**What you will do:** Each line below from the line with "Em-Fera 25mg - Image 2" to the line with "20158 Gold Flat" must be copied exactly, including those two, and no picture may appear in the copy.

**Material provided:**
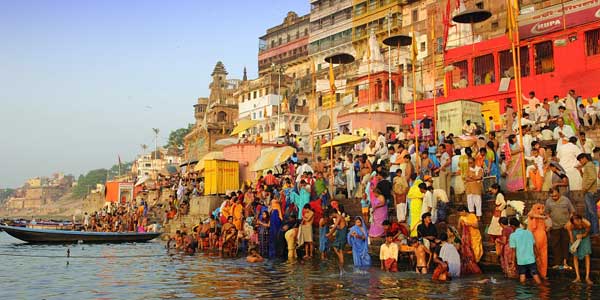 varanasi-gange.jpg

...

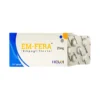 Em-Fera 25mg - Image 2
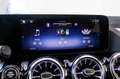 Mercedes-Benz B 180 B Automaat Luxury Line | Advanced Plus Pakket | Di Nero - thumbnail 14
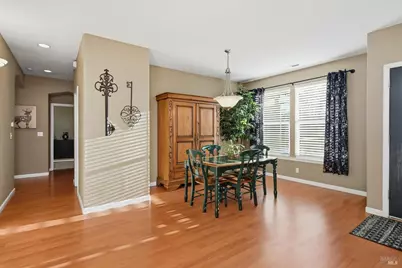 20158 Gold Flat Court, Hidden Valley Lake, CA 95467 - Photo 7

**Completed task:**
 Em-Fera 25mg - Image 2
 Mercedes-Benz B 180 B Automaat Luxury Line | Advanced Plus Pakket | Di Nero - thumbnail 14
 20158 Gold Flat Court, Hidden Valley Lake, CA 95467 - Photo 7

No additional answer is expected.